• Input records:
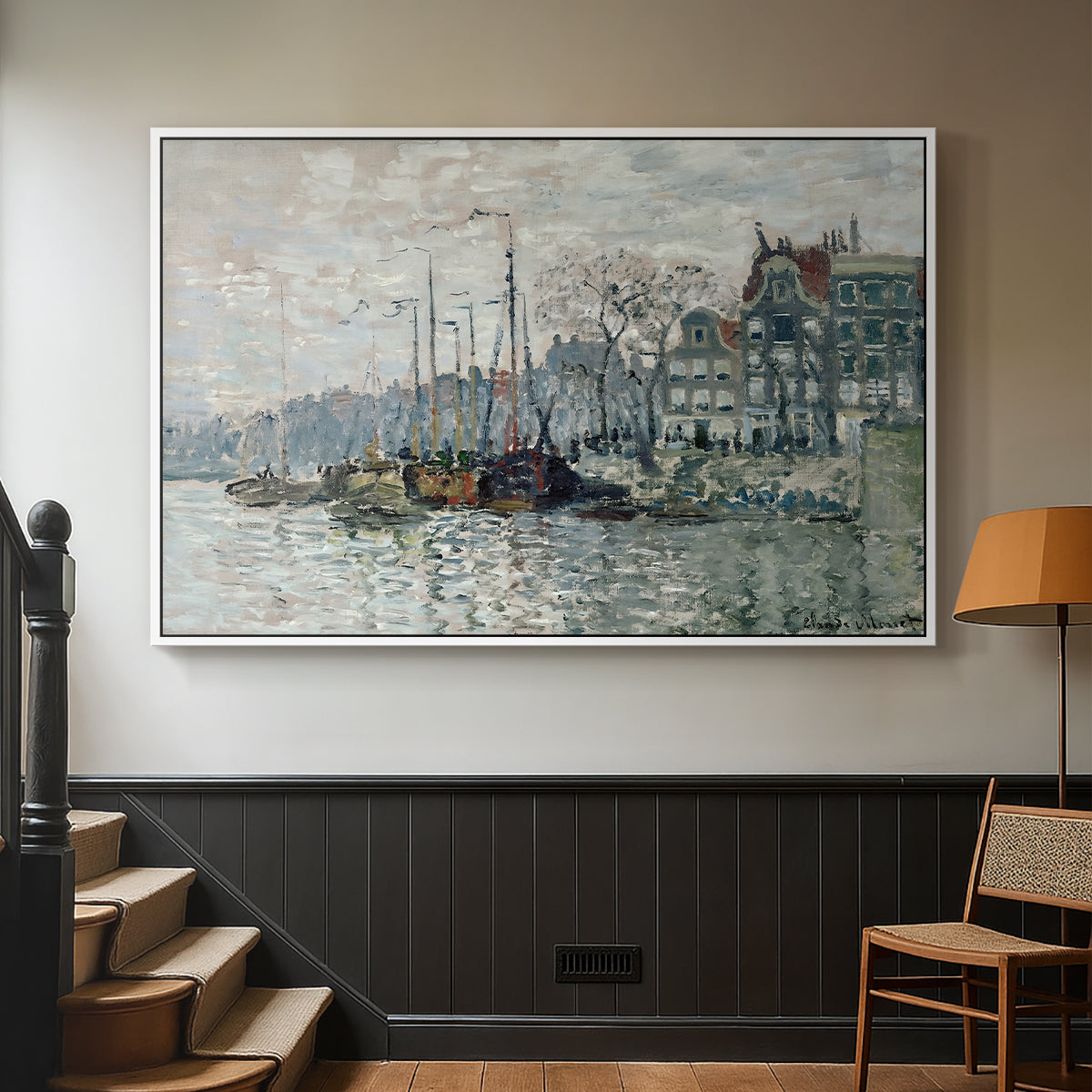 White floater framed canvas featuring a harbor view with masts, houses, and reflections in water, displayed in a hallway near a staircase.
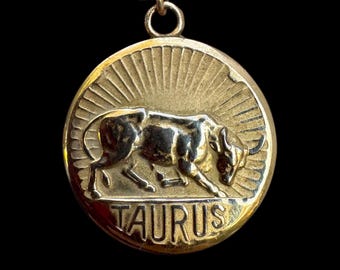 May include: A round gold-toned pendant featuring a raised relief of a bull in the center with a sunburst pattern in the background. The word TAURUS is embossed in capital letters at the bottom. The pendant hangs from a gold-toned chain.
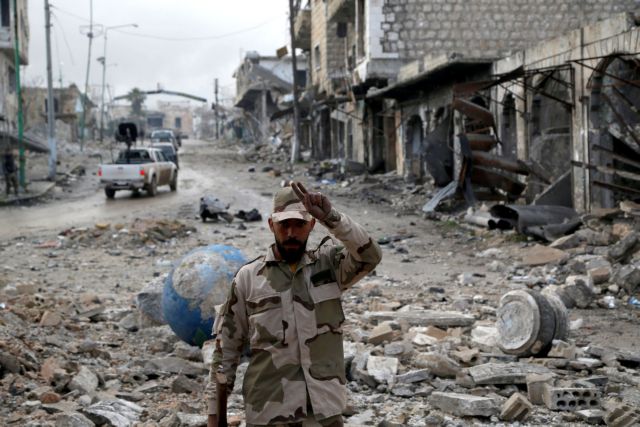 FILE PHOTO: A Syrian army soldier gestures in Maarat al-Numan, Syria, Jan. 30, 2020. REUTERS/Yamam Al Shaar/File Photo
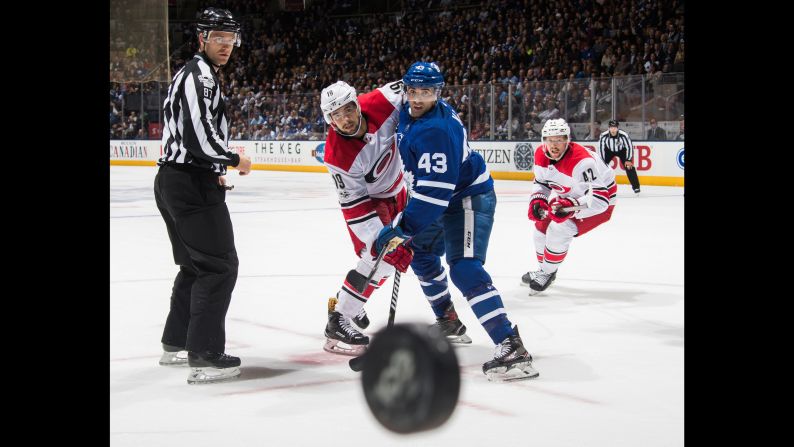 Carolina's Josh Jooris, left, and Toronto's Nazem Kadri look at the puck after a faceoff in Toronto on Thursday, October 26.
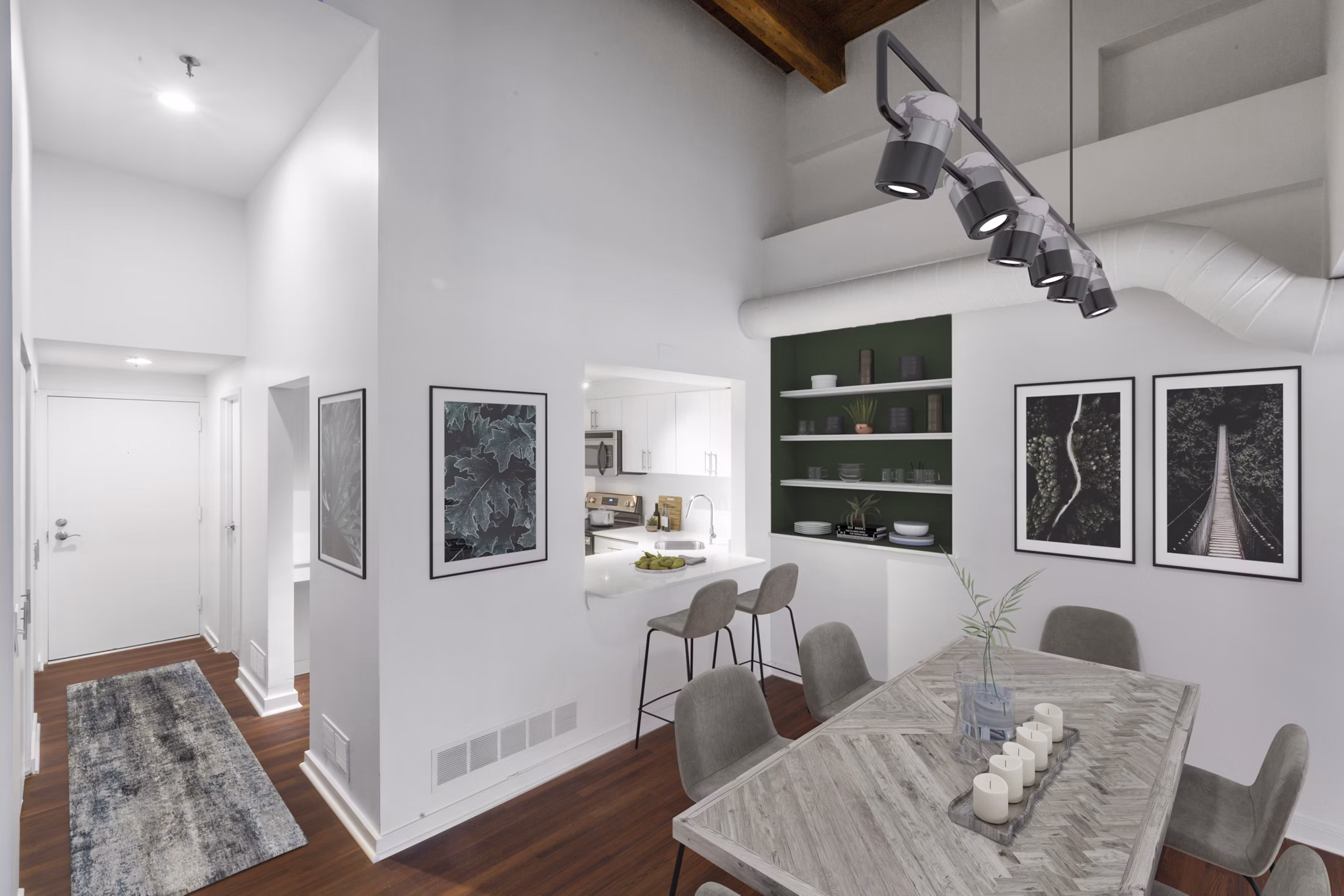 Dining area with modern fixtures and elegant seating at Logan Lofts luxury apartments, perfect for hosting gatherings and meals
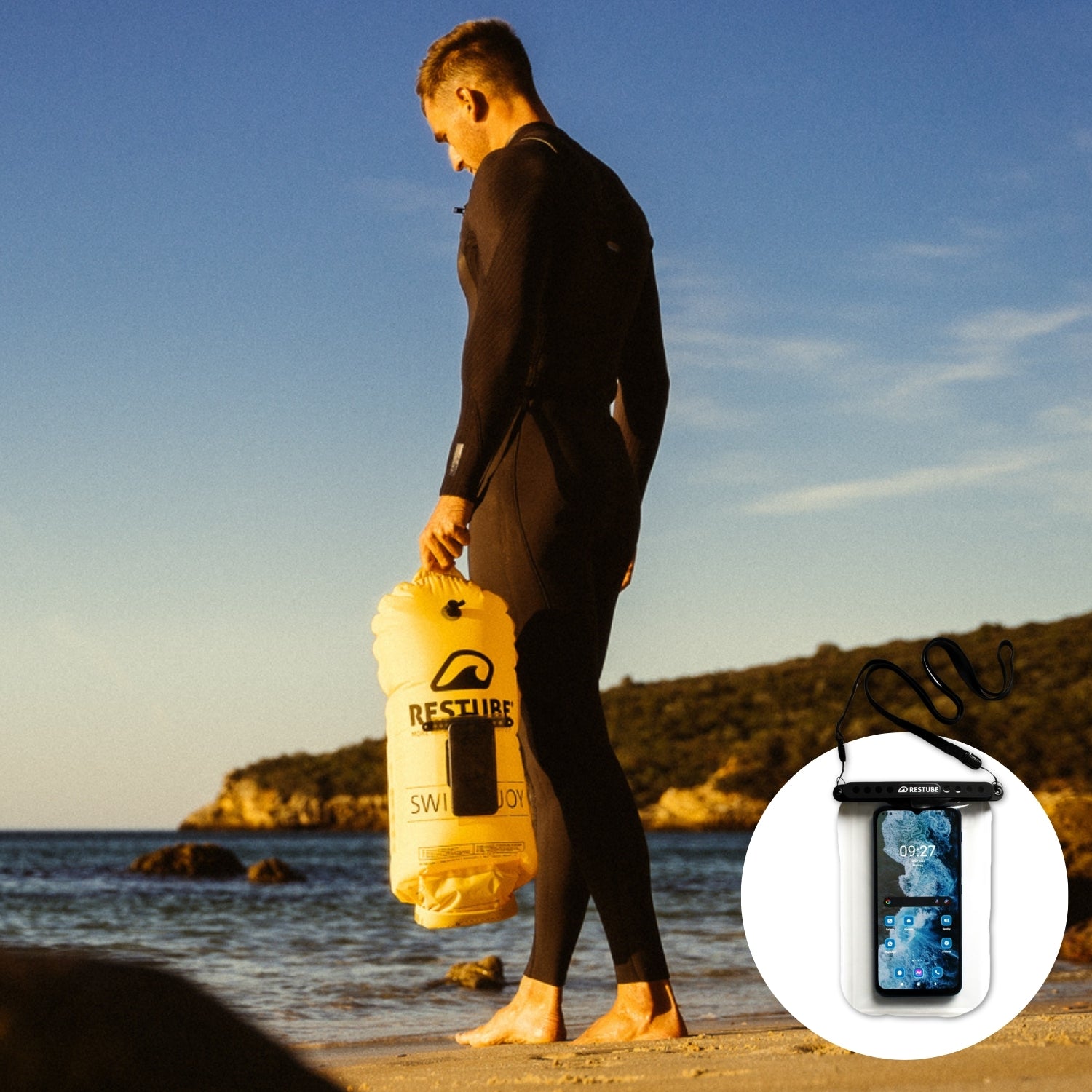 Watersports athlete with RESTUBE buoy on the beach going into the water, the waterproof phone case stuck safely to the swim buoy with the phone inside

• Exercise aim:
Please retype, exactly and only, the lines from the one holding "May include: A" to the end of the entries, both ends included, without any pictures.

• Task output:
 May include: A round gold-toned pendant featuring a raised relief of a bull in the center with a sunburst pattern in the background. The word TAURUS is embossed in capital letters at the bottom. The pendant hangs from a gold-toned chain.
 FILE PHOTO: A Syrian army soldier gestures in Maarat al-Numan, Syria, Jan. 30, 2020. REUTERS/Yamam Al Shaar/File Photo
 Carolina's Josh Jooris, left, and Toronto's Nazem Kadri look at the puck after a faceoff in Toronto on Thursday, October 26.
 Dining area with modern fixtures and elegant seating at Logan Lofts luxury apartments, perfect for hosting gatherings and meals
 Watersports athlete with RESTUBE buoy on the beach going into the water, the waterproof phone case stuck safely to the swim buoy with the phone inside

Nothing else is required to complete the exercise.